The MIANALYZE Procedure

Multivariate Inferences

Multivariate inference based on Wald tests can be done with m imputed data sets. The approach is a generalization of the approach taken in the univariate case (Rubin 1987, p. 137; Schafer 1997, p. 113). Suppose that $\hat{\mb{Q}_ i}$ and $\hat{\mb{W}_ i}$ are the point and covariance matrix estimates for a p-dimensional parameter $\mb{Q}$ (such as a multivariate mean) from the $i\mr{th}$ imputed data set, i = 1, 2, …, m. Then the combined point estimate for $\mb{Q}$ from the multiple imputation is the average of the m complete-data estimates:

\[  \overline{\mb{Q}} = \frac{1}{m} \sum _{i=1}^{m} \hat{\mb{Q}_ i}  \]

Suppose that $\overline{\mb{W}}$ is the within-imputation covariance matrix, which is the average of the m complete-data estimates:

\[  \overline{\mb{W}} = \frac{1}{m} \sum _{i=1}^{m} \hat{\mb{W}_ i}  \]

And suppose that $\mb{B}$ is the between-imputation covariance matrix:

\[  \mb{B} = \frac{1}{m-1} \sum _{i=1}^{m} (\hat{\mb{Q}_ i}-\overline{\mb{Q}}) (\hat{\mb{Q}_ i}-\overline{\mb{Q}})’  \]
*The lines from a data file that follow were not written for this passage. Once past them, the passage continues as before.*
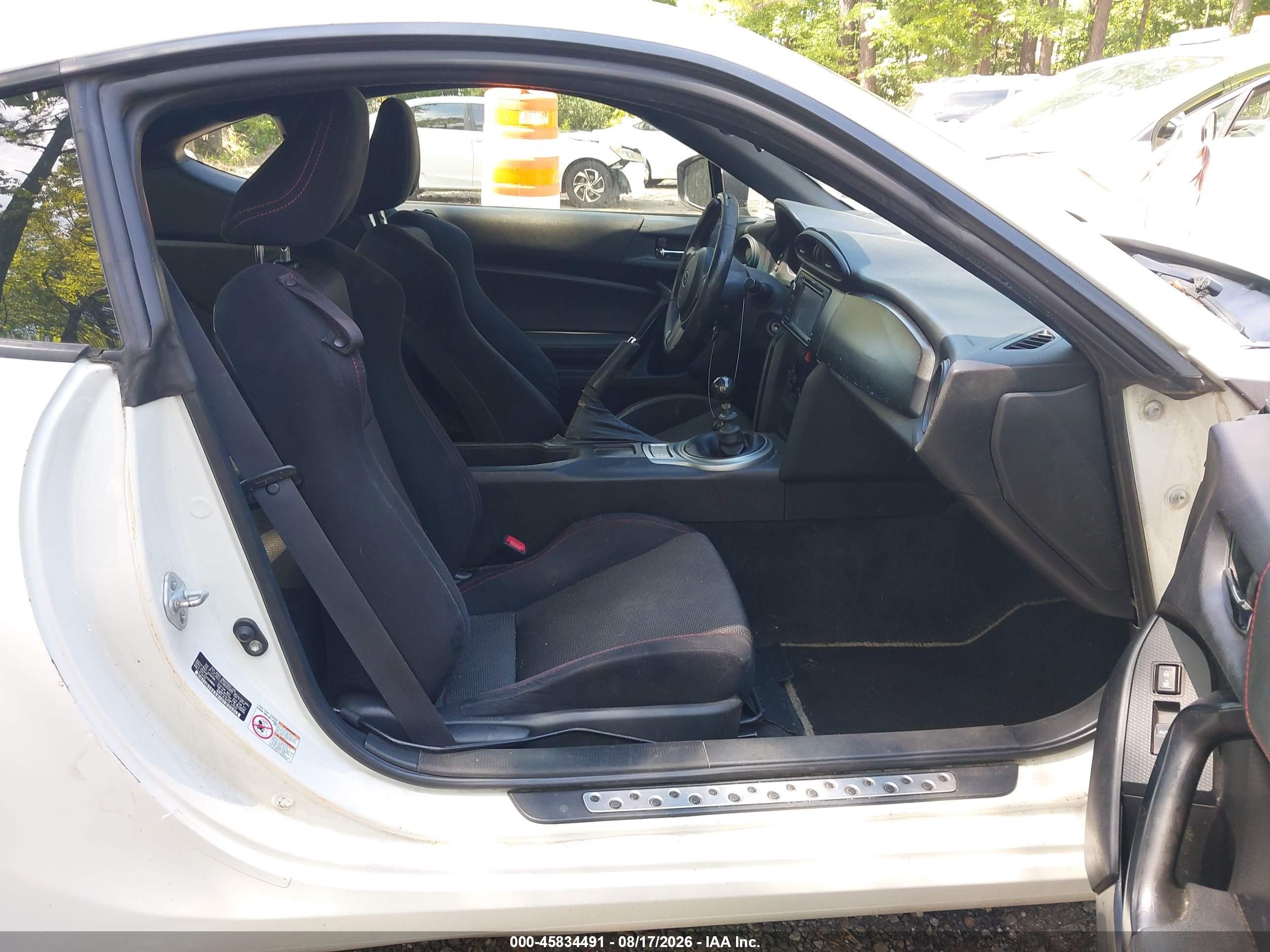 2014 Subaru Brz Premium White vin: JF1ZCAB12E9605589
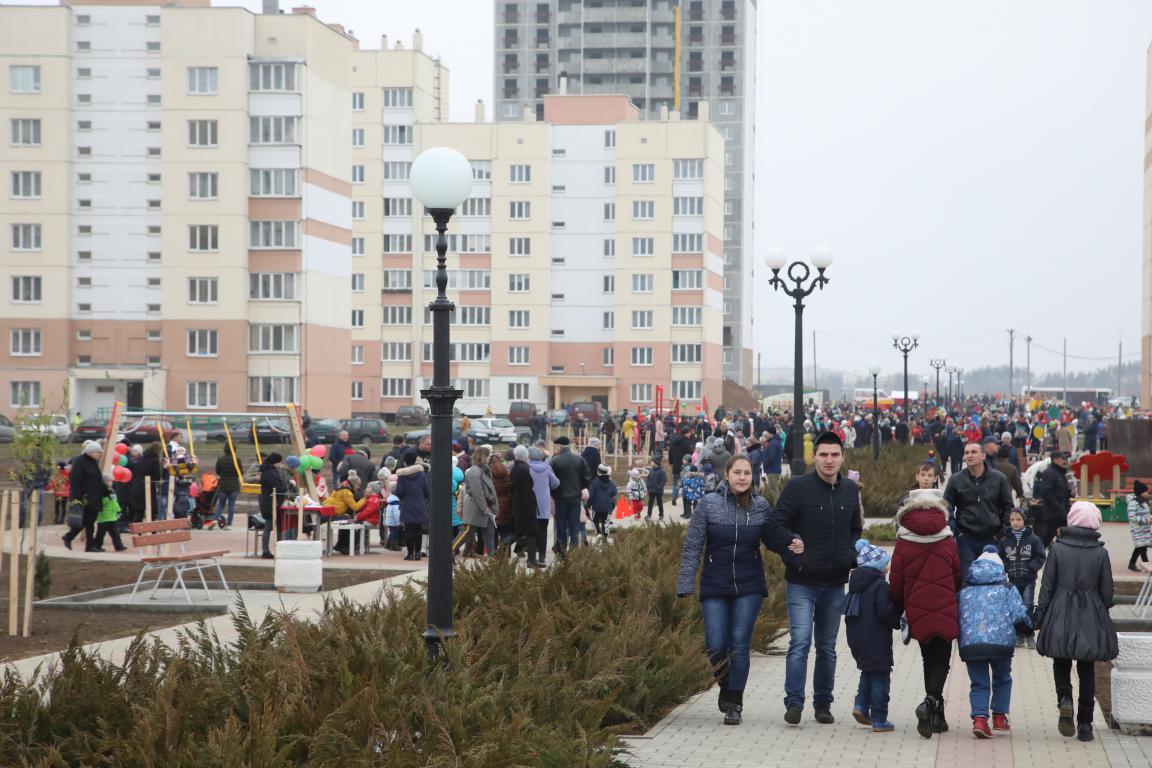 Пешеходную аллею торжественно открыли в 7-м микрорайоне Бобруйска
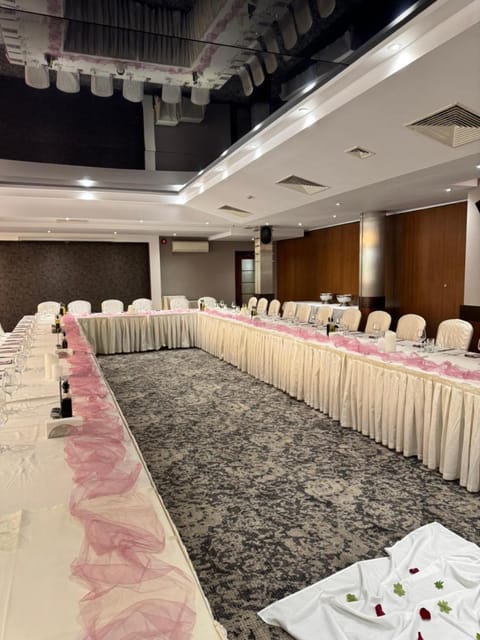 Hotel Forum - Free Parking for cars Hotel in Sofia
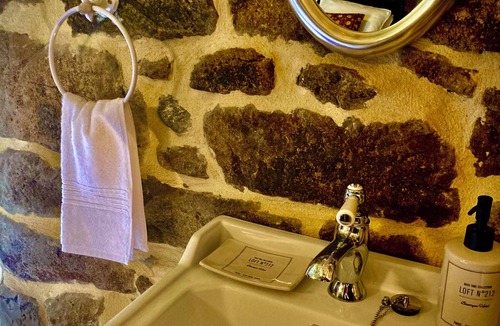 Asperjoc Bed & Breakfast | Romantic rock refuge - Private spa and exceptional panorama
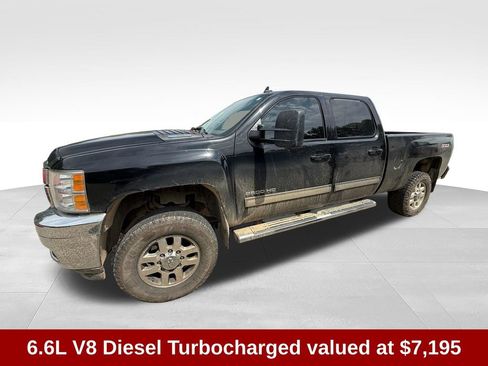 Used 2014 Chevrolet Silverado 2500 LTZ w/ LTZ Plus Package AWD/4WD image 3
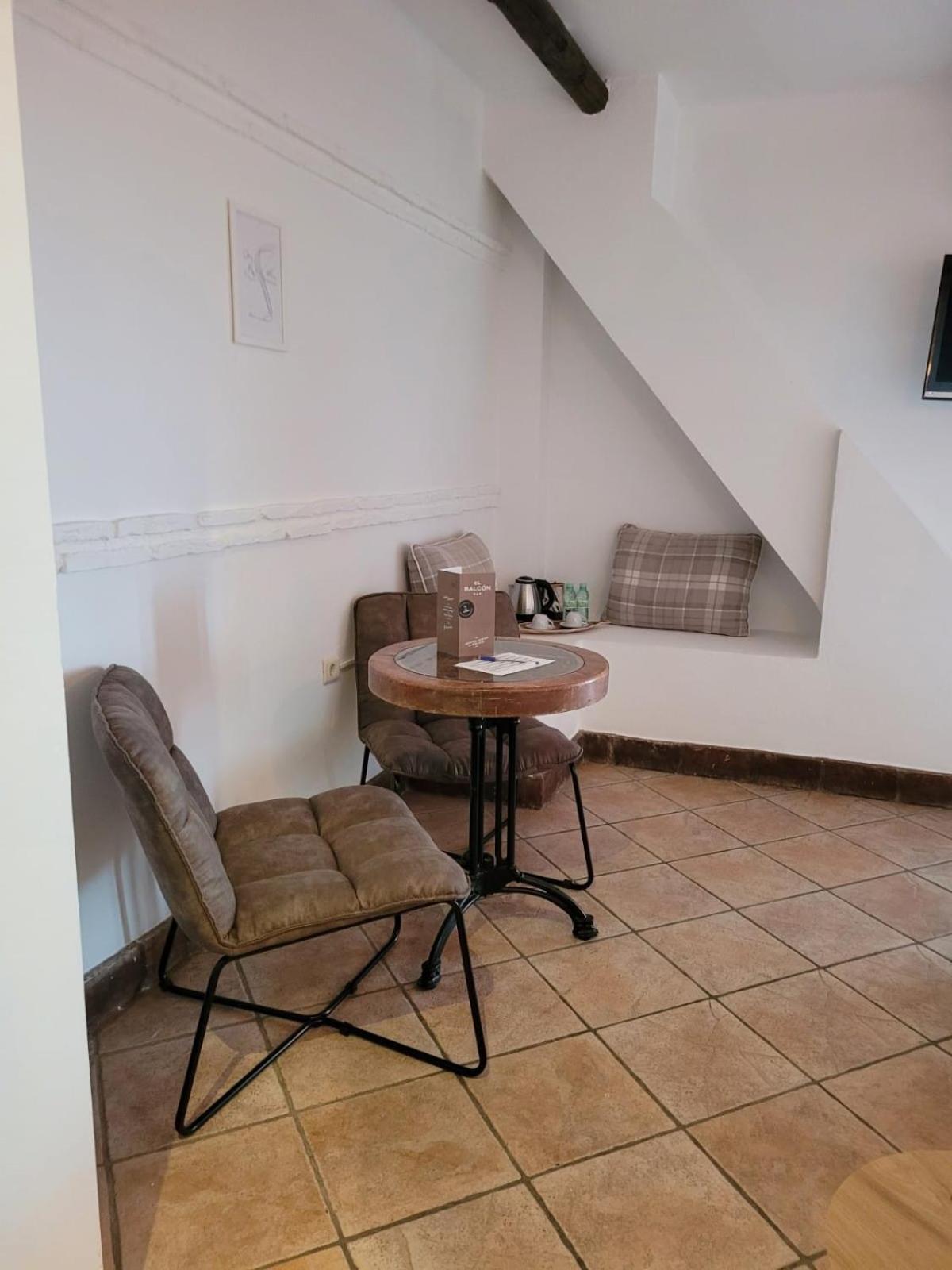 Double Room with Balcony - Photo 10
Then the covariance matrix associated with $\overline{\mb{Q}}$ is the total covariance matrix

\[  \mb{T}_{0} = \overline{\mb{W}} + (1+\frac{1}{m})\mb{B}  \]
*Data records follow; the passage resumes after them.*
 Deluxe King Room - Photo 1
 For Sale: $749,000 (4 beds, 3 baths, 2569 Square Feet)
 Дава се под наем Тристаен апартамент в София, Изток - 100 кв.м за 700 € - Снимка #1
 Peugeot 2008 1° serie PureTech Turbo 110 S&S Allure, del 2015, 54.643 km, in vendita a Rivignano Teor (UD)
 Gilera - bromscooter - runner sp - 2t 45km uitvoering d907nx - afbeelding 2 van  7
The natural multivariate extension of the t statistic used in the univariate case is the F statistic

\[  F_{0} = (\mb{Q}-\overline{\mb{Q}})’ \mb{T}_{0}^{-1} (\mb{Q}-\overline{\mb{Q}})  \]
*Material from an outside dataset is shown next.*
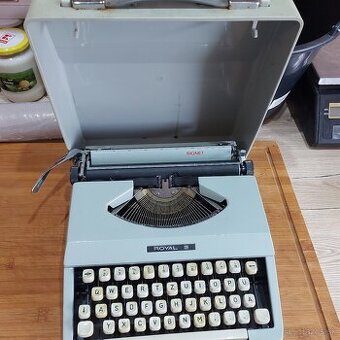 Royal písací stroj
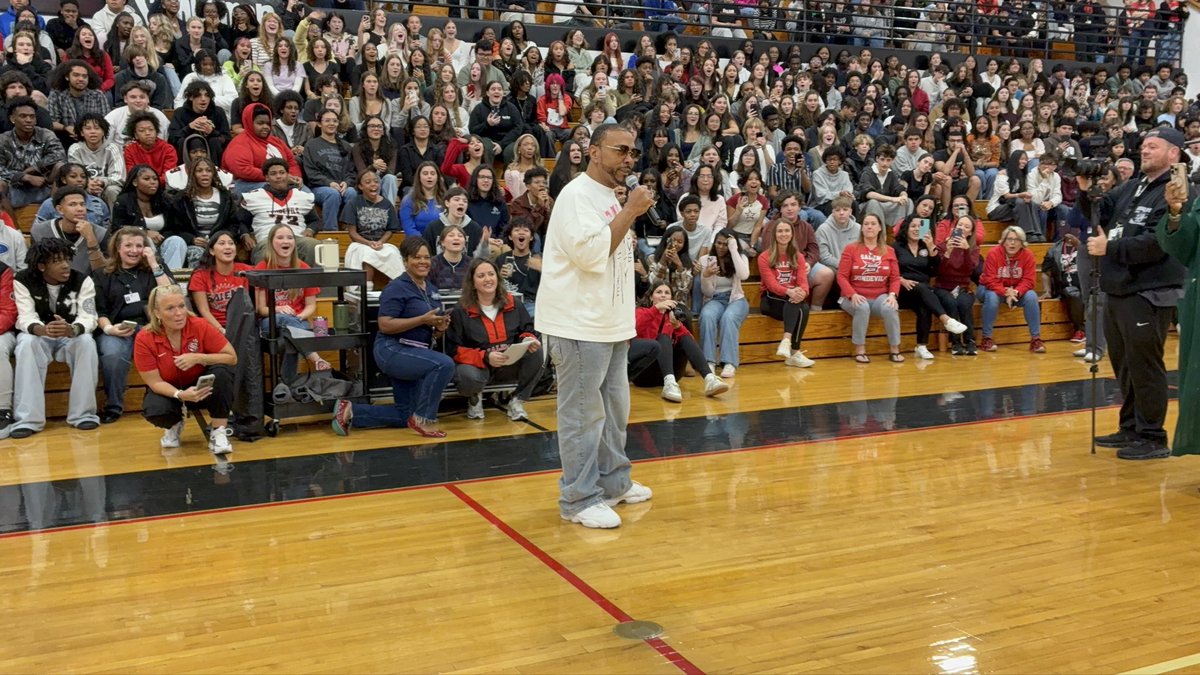 vbschools's tweet image. Welcome home, #Timbaland and Team!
with degrees of freedom p and

\[  v=(m-1)(1+1/r)^{2}  \]

where

\[  r = (1+\frac{1}{m}) \,  \mr{trace} (\mb{B} \overline{\mb{W}}^{-1}) / p  \]

is an average relative increase in variance due to nonresponse (Rubin 1987, p. 137; Schafer 1997, p. 114).

However, the reference distribution of the statistic $F_{0}$ is not easily derived. Especially for small m, the between-imputation covariance matrix $\mb{B}$ is unstable and does not have full rank for $m \le p$ (Schafer, 1997, p. 113).

One solution is to make an additional assumption that the population between-imputation and within-imputation covariance matrices are proportional to each other (Schafer, 1997, p. 113). This assumption implies that the fractions of missing information for all components of $\mb{Q}$ are equal. Under this assumption, a more stable estimate of the total covariance matrix is

\[  \mb{T} = (1+r) \overline{\mb{W}}  \]

With the total covariance matrix $\mb{T}$, the F statistic (Rubin, 1987, p. 137)

\[  F = (\mb{Q}-\overline{\mb{Q}})’ \mb{T}^{-1} (\mb{Q}-\overline{\mb{Q}}) / p  \]

has an F distribution with degrees of freedom p and $v_{1}$, where

\[  v_{1} = \frac{1}{2} (p+1) (m-1) (1+\frac{1}{r})^{2}  \]

For $t=p(m-1) \leq 4$, PROC MIANALYZE uses the degrees of freedom $v_{1}$ in the analysis. For $t=p(m-1) > 4$, PROC MIANALYZE uses $v_{2}$, a better approximation of the degrees of freedom given by Li, Raghunathan, and Rubin (1991):

\[  v_{2} = 4 + (t-4) \left[ 1+ \frac{1}{r} (1-\frac{2}{t}) \right]^{2}  \]